** PROBLEM DETAILS **
Among the entries below, take the line with "Stanhopea Ecornuta Amérique" and the line with "The real cause", and output them and every line between them exactly, with nothing else.

Start of MATERIAL FOR THE TASK

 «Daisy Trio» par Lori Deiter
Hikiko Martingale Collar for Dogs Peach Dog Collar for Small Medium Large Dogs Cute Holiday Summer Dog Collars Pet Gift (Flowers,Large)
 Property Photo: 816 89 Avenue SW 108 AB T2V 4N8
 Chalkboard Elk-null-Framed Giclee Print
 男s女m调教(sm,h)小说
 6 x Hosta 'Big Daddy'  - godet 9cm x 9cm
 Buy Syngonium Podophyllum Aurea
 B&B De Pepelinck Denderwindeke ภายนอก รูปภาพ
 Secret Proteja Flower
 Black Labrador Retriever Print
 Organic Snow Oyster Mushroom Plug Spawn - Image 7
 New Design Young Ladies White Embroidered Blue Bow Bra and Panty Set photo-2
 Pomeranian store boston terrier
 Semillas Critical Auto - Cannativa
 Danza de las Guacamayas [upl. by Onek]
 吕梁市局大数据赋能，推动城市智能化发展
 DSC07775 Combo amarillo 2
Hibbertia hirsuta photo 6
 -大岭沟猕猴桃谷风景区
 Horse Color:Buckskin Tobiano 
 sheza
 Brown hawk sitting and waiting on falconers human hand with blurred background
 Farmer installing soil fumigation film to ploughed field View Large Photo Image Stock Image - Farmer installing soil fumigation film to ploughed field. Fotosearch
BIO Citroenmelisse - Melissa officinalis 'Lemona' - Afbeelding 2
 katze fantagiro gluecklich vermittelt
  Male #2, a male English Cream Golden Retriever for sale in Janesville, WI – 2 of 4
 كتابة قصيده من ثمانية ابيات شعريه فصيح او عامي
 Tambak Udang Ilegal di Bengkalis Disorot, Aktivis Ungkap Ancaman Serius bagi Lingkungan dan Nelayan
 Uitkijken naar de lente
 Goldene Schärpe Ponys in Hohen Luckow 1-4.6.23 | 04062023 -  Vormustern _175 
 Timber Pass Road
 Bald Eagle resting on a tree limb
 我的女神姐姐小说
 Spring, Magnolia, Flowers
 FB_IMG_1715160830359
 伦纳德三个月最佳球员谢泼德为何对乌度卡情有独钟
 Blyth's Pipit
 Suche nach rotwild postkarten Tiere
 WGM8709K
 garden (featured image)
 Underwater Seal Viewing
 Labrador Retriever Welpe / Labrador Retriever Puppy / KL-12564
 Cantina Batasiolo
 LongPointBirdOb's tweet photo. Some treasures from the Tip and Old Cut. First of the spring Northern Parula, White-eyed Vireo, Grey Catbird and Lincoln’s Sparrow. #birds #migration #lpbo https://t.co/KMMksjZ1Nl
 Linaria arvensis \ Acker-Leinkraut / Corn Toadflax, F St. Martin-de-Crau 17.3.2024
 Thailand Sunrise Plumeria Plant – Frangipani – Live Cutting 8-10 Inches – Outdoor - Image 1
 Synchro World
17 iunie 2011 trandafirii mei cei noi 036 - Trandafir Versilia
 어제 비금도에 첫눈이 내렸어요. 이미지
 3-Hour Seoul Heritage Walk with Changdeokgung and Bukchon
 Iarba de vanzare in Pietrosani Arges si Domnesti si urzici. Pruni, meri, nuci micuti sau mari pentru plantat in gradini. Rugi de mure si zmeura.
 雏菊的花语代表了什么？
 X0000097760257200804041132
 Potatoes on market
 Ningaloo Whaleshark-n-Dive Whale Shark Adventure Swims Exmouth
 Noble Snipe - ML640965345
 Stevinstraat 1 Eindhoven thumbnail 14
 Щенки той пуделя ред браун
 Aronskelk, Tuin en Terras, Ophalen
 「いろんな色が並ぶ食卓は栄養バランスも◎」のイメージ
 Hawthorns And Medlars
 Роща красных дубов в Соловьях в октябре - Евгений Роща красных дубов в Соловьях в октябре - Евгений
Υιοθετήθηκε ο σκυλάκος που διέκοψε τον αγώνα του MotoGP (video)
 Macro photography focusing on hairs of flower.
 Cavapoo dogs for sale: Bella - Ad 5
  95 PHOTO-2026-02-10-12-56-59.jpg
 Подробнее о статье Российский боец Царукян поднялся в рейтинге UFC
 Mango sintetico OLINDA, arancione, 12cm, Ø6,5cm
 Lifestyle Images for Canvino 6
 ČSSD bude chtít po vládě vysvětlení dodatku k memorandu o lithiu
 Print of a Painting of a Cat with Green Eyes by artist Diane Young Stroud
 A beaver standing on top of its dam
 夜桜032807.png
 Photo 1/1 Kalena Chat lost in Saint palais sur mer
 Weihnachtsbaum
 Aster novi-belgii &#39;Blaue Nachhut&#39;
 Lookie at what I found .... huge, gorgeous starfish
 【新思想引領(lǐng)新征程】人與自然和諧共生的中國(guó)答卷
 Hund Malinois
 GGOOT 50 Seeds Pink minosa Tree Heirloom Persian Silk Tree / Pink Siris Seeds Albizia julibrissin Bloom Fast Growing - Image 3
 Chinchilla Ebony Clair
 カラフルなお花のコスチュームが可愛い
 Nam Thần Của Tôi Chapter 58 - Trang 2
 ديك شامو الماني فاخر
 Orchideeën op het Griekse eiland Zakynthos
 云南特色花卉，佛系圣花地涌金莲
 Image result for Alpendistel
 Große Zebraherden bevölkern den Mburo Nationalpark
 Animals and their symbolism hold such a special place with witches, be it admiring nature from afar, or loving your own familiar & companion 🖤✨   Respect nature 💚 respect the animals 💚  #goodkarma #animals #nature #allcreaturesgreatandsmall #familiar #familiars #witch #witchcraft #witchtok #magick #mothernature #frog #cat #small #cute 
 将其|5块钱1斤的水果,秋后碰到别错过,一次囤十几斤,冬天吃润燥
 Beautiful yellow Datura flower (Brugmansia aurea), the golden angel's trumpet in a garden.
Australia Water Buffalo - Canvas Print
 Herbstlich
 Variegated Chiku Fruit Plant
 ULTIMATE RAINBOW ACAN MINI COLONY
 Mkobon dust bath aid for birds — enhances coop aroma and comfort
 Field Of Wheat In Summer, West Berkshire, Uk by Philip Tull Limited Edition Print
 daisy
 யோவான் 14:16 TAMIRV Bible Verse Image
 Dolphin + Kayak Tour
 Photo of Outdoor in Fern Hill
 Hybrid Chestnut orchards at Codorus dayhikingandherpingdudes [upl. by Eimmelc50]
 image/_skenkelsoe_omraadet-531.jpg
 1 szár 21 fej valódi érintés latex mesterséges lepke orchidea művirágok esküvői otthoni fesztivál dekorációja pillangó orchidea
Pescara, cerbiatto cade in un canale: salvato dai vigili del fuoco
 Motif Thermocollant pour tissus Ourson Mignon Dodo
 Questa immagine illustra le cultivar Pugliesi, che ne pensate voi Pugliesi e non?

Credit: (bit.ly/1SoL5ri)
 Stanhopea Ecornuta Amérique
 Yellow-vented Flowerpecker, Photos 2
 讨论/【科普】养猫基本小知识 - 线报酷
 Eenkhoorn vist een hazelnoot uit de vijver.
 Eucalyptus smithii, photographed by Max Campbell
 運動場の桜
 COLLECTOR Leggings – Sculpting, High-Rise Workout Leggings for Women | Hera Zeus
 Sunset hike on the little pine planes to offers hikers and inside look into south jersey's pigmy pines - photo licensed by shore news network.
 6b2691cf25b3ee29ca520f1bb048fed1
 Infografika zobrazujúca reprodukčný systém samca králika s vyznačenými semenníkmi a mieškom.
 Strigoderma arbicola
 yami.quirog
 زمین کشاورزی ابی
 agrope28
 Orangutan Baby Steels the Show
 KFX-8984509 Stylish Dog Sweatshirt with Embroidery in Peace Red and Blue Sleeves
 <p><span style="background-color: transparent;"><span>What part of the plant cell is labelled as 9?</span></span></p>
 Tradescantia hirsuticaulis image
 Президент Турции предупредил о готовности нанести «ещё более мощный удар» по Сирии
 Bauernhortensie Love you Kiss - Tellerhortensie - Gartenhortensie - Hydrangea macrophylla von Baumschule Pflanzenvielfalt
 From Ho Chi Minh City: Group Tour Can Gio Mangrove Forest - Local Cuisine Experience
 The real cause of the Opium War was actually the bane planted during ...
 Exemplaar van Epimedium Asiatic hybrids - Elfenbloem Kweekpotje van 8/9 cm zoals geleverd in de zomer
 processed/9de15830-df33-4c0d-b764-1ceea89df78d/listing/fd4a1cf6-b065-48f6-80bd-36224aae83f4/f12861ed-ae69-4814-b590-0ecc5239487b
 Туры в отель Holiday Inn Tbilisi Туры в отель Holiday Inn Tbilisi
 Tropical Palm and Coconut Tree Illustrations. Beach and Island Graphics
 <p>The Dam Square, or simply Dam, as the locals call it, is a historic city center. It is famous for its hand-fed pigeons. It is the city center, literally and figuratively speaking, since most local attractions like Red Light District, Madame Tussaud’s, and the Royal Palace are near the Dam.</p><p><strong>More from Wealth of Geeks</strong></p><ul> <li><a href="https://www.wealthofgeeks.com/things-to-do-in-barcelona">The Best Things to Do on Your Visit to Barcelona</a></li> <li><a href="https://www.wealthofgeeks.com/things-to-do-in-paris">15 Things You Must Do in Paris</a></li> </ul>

End of MATERIAL FOR THE TASK

** ANSWER BELOW **
 Stanhopea Ecornuta Amérique
 Yellow-vented Flowerpecker, Photos 2
 讨论/【科普】养猫基本小知识 - 线报酷
 Eenkhoorn vist een hazelnoot uit de vijver.
 Eucalyptus smithii, photographed by Max Campbell
 運動場の桜
 COLLECTOR Leggings – Sculpting, High-Rise Workout Leggings for Women | Hera Zeus
 Sunset hike on the little pine planes to offers hikers and inside look into south jersey's pigmy pines - photo licensed by shore news network.
 6b2691cf25b3ee29ca520f1bb048fed1
 Infografika zobrazujúca reprodukčný systém samca králika s vyznačenými semenníkmi a mieškom.
 Strigoderma arbicola
 yami.quirog
 زمین کشاورزی ابی
 agrope28
 Orangutan Baby Steels the Show
 KFX-8984509 Stylish Dog Sweatshirt with Embroidery in Peace Red and Blue Sleeves
 <p><span style="background-color: transparent;"><span>What part of the plant cell is labelled as 9?</span></span></p>
 Tradescantia hirsuticaulis image
 Президент Турции предупредил о готовности нанести «ещё более мощный удар» по Сирии
 Bauernhortensie Love you Kiss - Tellerhortensie - Gartenhortensie - Hydrangea macrophylla von Baumschule Pflanzenvielfalt
 From Ho Chi Minh City: Group Tour Can Gio Mangrove Forest - Local Cuisine Experience
 The real cause of the Opium War was actually the bane planted during ...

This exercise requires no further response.